---------- Input for this task

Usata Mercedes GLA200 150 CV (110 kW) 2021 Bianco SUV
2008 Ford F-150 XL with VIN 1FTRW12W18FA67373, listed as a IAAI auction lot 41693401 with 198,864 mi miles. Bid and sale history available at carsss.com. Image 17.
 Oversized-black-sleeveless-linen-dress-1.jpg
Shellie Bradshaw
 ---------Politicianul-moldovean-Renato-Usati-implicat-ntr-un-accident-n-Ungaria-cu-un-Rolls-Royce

--------------------

### Required action
Reproduce exactly the line that contains "Oversized-black-sleeveless-linen-dress-1.jpg" together with each line after it to the end of the entries; include no other lines.

### Result for this task
 Oversized-black-sleeveless-linen-dress-1.jpg
Shellie Bradshaw
 ---------Politicianul-moldovean-Renato-Usati-implicat-ntr-un-accident-n-Ungaria-cu-un-Rolls-Royce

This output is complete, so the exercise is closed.